LIVING WILD AND DOMESTIC

The Education of a Hunter-Gardener

by Robert Kimber

Pub Date: Nov. 1st, 2002
ISBN: 1-58574-684-3
Publisher: Lyons Press

A self-examination of the hunter’s place in our world, and the author’s own quest to discover a moral and physical space within it.

Kimber (Made for the Country, not reviewed) has been an uneasy hunter since his early 20s, when as a guide he sold a buck he’d shot to a “sport” who liked the look of its rack. Even though he was one of them, sport hunters had, by and large, come to look like shams to him, full of their selfish sense of propriety. What he ate and how he procured it loomed as a big question, one that he now wrestles with here.
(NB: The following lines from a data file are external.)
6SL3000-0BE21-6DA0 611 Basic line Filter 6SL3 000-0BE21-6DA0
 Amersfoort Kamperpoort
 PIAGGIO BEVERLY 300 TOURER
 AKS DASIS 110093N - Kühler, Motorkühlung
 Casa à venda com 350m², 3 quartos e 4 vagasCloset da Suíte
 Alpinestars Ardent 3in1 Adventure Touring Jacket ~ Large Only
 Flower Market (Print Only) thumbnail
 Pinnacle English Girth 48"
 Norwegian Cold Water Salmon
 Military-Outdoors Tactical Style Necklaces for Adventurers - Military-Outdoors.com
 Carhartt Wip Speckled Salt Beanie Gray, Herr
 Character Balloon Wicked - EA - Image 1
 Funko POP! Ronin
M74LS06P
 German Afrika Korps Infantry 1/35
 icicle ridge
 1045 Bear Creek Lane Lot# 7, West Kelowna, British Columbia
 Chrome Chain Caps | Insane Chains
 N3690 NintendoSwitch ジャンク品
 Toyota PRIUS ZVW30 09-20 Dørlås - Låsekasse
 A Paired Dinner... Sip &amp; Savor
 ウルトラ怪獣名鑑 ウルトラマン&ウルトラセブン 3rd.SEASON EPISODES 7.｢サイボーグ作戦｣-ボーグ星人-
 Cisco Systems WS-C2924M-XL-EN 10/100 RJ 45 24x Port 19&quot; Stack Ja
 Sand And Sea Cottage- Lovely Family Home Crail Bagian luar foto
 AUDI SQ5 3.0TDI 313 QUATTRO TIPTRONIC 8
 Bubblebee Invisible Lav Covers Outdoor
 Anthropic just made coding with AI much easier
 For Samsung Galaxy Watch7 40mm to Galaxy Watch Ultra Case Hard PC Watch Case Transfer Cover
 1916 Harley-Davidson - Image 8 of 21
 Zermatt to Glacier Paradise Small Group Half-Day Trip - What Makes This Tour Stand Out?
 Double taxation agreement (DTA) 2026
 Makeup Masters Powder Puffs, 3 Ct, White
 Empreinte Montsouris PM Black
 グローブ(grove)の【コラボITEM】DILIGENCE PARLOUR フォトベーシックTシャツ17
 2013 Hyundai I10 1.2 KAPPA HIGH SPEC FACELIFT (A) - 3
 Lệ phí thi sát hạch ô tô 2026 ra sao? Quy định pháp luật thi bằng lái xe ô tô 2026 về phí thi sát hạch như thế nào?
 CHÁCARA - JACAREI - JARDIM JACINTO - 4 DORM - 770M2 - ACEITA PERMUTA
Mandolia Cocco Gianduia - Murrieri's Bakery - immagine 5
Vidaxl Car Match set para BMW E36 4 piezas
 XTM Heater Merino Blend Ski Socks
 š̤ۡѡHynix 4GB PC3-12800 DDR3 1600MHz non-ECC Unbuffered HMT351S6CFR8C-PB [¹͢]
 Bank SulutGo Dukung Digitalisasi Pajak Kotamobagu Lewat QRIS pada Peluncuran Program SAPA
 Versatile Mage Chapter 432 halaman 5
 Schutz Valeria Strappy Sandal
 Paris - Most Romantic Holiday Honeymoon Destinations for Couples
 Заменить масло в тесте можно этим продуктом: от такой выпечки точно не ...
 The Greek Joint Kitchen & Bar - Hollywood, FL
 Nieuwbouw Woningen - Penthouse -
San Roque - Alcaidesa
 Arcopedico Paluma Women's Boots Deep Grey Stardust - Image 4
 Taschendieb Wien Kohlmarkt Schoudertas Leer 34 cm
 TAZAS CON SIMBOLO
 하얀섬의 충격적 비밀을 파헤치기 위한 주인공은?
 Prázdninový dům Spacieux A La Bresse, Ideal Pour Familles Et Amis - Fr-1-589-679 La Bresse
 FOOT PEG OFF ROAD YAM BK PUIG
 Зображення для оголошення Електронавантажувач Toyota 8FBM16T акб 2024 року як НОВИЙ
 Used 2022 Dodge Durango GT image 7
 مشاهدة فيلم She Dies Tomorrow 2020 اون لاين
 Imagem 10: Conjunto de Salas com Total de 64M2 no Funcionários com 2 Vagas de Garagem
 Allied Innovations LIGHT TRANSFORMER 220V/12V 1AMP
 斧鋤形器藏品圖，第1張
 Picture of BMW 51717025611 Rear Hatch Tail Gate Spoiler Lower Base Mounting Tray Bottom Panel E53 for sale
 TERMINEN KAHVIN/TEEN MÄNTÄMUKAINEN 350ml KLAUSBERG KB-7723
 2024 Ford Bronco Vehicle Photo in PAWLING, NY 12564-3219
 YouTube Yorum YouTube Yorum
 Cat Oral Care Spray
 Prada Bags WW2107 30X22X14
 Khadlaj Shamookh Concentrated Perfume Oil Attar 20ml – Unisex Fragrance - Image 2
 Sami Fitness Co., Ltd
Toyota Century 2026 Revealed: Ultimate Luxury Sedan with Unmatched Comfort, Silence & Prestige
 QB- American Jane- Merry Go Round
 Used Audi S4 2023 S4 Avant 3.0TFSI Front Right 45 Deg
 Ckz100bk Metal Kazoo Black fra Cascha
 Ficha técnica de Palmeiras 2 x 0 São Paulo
Were ancient hunter-gatherers so knit into the fabric of the natural world that such a question wouldn’t arise? Didn’t their propitiations indicate some inner conflict? If he were to leave a tribute—say, hang ptarmigan bones from a tree out of respect—would it have meaning or just be a posturing at ritual? He is blessed and grateful, but not pure (“I can’t untangle regret from celebration”). Isn’t catch-and-release a disrespectful toying with trout? And can he claim to meld with the landscape during a hunt, to be part and parcel of a genuine picture? Wild husbandry makes sense to him, “to preserve whatever of the wild we have left,” as it may well to readers, though his notion that the pursuit and killing of wild animals is “one of the most important ways humans can acquire citizenship in the natural world” is less likely to find many nodding their heads. Still, Kimber understands that his appetites and ethics don’t jibe as neatly as he wishes, that our pastoral traditions have prescribed no religious sanctions for hunting, that he must find his own appropriate justification.

Neither pedantic nor self-righteous, but filled with doubt, misgivings, and contradictions in striving for a balance between desire and responsibility: exemplary ethical foraging.